ITV’s new Prime Suspect prequel series takes DCI Tennison’s battle with a sexist police force from the original series and dials it back 18 years, to where young WPC Tennison is called on to make the teas and clean up prisoners’ vomit.
There’s even one scene where a black male officer leaves his washing up behind, unsubtly underlining the point that even in a racist, sexist police force, the women are at the bottom of the heap.
If sexism is just a fact of life, so too is the period. There’s a brief slap to an uncooperative suspect, and the fingerprinting and photographing is a little more rough and unsympathetic than it would be today; but in the main the era is evoked by the fashion and the technology – apart from one rather embarrassing moment where our hero exclaims that “it’s 1973!”
The opening episode starts with the discovery of a young girl’s body. The story will no doubt become more involved as the weeks go by, but this first episode takes the time to introduce its main characters. There’s a lovely performance by Jessica Gunning as experienced WPC Morgan, accepting the system while not totally letting the men get away with it; but the episode is stolen by Stefanie Martini.
Our first sighting of her as the young Jane Tennison is leaping off a bus to tackle a mugger.

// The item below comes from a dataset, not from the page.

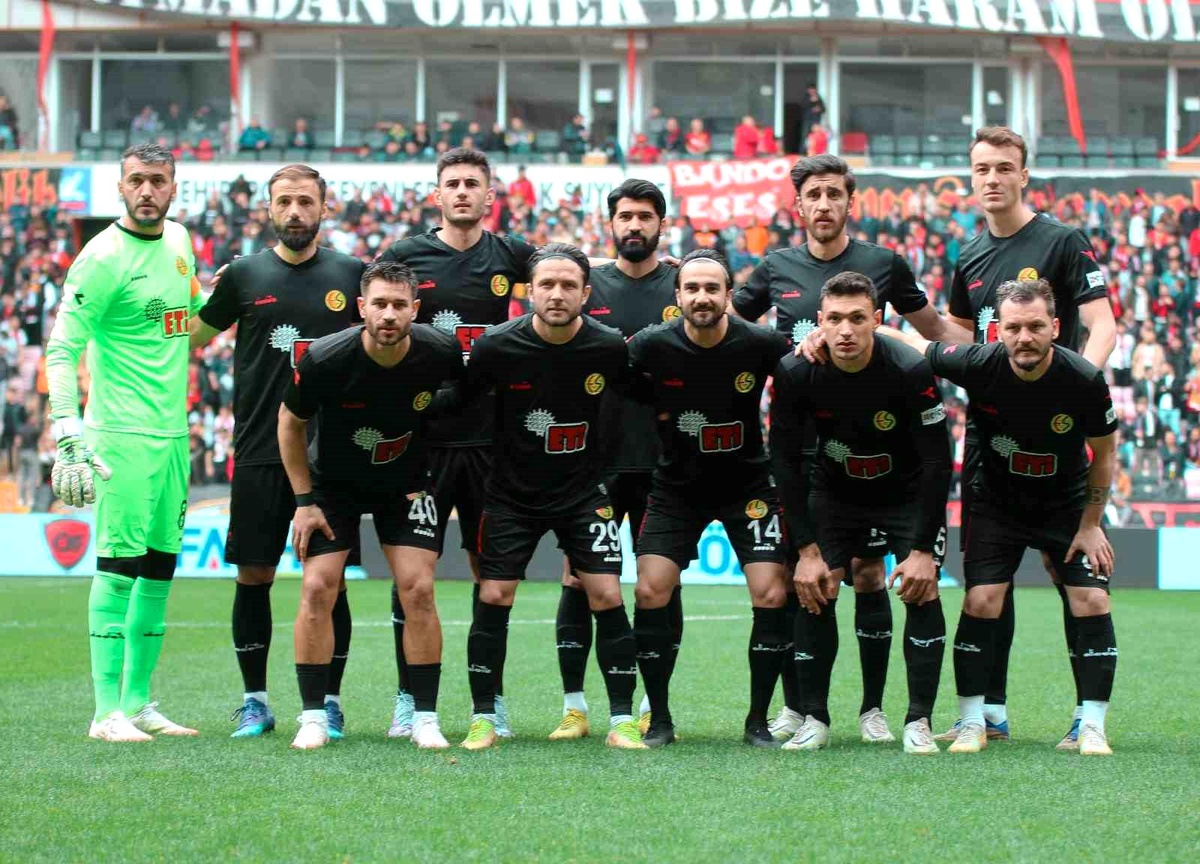 Eskişehirspor, Entegre Solar Elazığspor\'u Konuk Ediyor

It’s a dramatic intro for our pro-active hero (or our spunky, have-a-go heroine as they might say in 1973) and since both the husband and the sons of the lady being mugged are planning a bank robbery, it will presumably gain some greater significance. Later we see her attend her first Post Mortem, where she also has her first cigarette (“It helps block out the smell” advises Sam Reid’s kindly DI Bradfield).
On the other hand, at home she’s a petulant child, taking neatly folded laundry from her mother without even a thank you, and “effing and jeffing” when quizzed about being on the pill.

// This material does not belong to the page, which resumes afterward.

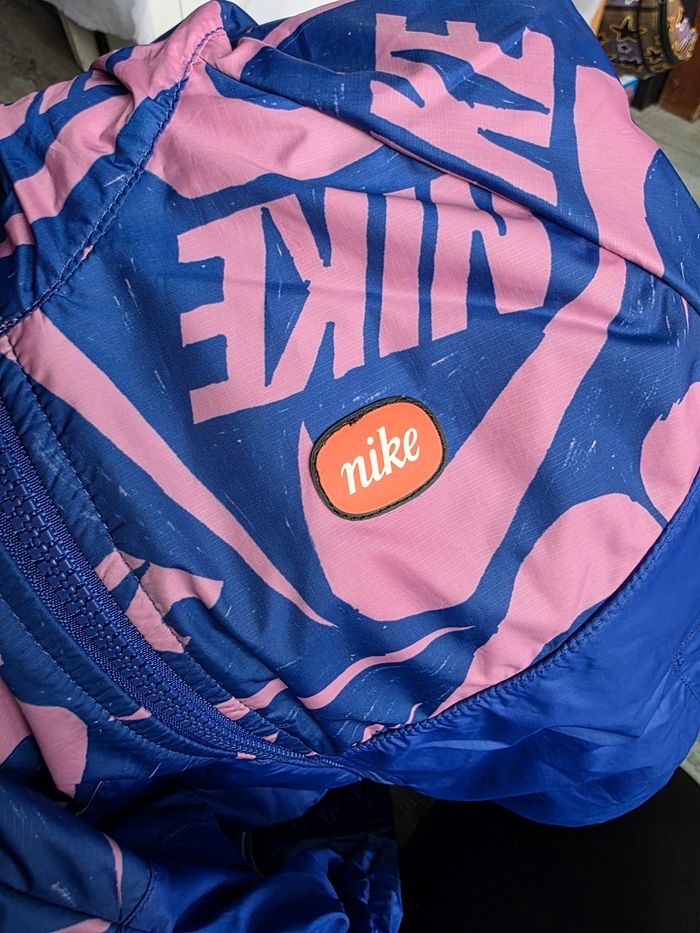 Veste nike - coupe vent 11 / 12 ans ( 146 / 156 cm ) rose et bleu - photo numéro 5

Pleasingly the script avoids the temptation to make Tennison some kind of prodigy, making brilliant deductions that her superior officers have missed. Rather, her ‘triumphs’ are due to a female perspective – pointing out, for example, that the bra used to strangle the victim was strapless, meaning it could have been removed voluntarily by the victim under her top, rather than being taken off by the killer.
Along the way we get glimpses of passion when Jane abandons her Maida Vale politeness to appeal to a possible witness, and even signs of a quick wit (“I thought the force could do with more posh sorts” she retorts when asked why she became a copper). Conversely, when she apes her male colleagues in belittling the case as “a strangled prostitute” she is reprimanded by Bradfield: “She was someone’s daughter.”
If the series can maintain the quality of this opener, then unlike Sam Tyler I’ll be more than happy to spend the next few weeks in 1973.
Am I mad?
Aired at 9pm on Tuesday 2 March 2017 on ITV.